I never knew what a wild ride it would be.

I never knew what a wild ride it would be.

03 April 2010

Failure...matey!

As an English major...nay, as an even slightly educated, English-speaking human...I should be too ashamed to admit this even to my closest friends, much less blog about it to all three of my readers. (I admit to a certain amount of overlap in those categories.) And I should certainly hesitate to expose my child by telling this. It puts my cultural literacy teaching skills in the very worst light. It puts my child's literacy in almost as bad a light. But I have decided to pass the buck and blame the school, thus turning this into an expose' of the deplorable academic failures of our education system, instead of a mea culpa regarding my mothering.

So, today we were in the car and something, I'm not sure what, put the September Baby in mind of Shakespeare, and he asked me something about him...something along the lines of why do people make such a big deal about the stuff Shakespeare wrote?

Now, I took a whole year of classes on Shakespeare in college (besides, Kenneth Branagh's Henry V is one of my favorite movies ever). I felt I was therefore uniquely qualified to answer a question like that. I mean, this is what parents wait for, isn't it? The glimmers of a yearning, curious mind in their progeny...proof of life, proof of intelligence! And I'm The Mother, after all. The Stay-at-Home Mom whose job it is, besides chauffer, to Be There when the Big Questions come up.

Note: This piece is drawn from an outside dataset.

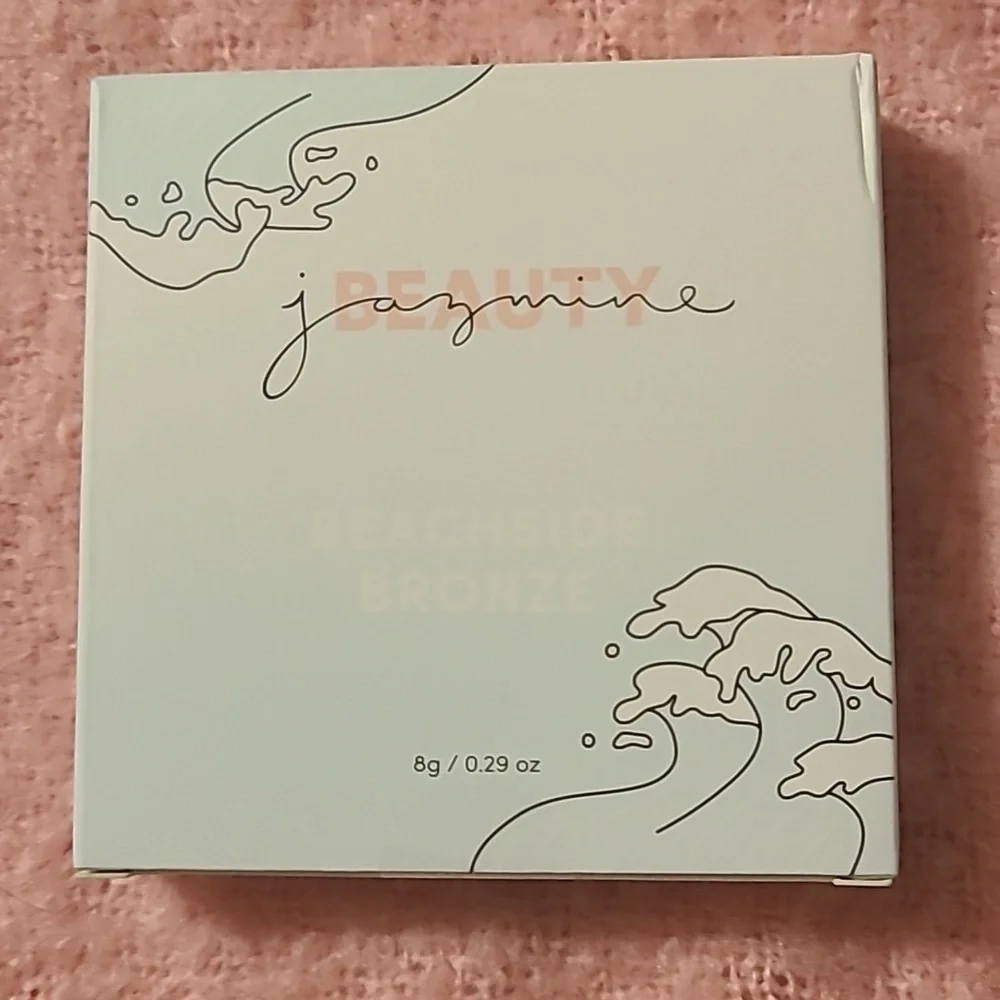 Jasmine Beauty Beachside Bronzer Shade Light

The ones whose answers shape the future, not only of the child, but of mankind! And there I was, the Literary Parent to the Good Doctor's Science Parent. So, I turned down the conservative talk radio show, put down my iPhone, and began...

"It's 'cause...well...Shakespeare...William Shakespeare...was, like, you know...a really good writer and stuff..."

The February Baby piped up, sounding surprised and a little puzzled, and said, "I thought Shakespeare was a pirate!"

I gasped and swerved. "What?" Shrilly, "A...pirate?!?"

Then I laughed and twiddled the wheel, steering the Suburban off the curb and back into the street. "You're just kidding...aren't you, sweetie? Hahaha!"

"No, I'm not kidding," he said. "Honestly, for the past ten years, I've thought he was a pirate. I never knew he was a writer."

Wow.



Yeah.

That story is all I need, if I ever do need to prove my ineffectiveness as a parent--my utter uselessness at shaping the next generation.

However, as I said, I've decided to take the modern approach and shove the blame off on his school teachers.

And The Three will be drifting off to sleep tonight while listening to me read Hamlet...or, at least, while watching my DVD of Henry V.

1 comment:

Laura Young said...

I laughed so hard at this. I wonder if the name "Shakespeare" and the term "Swashbuckler" had gotten him confused.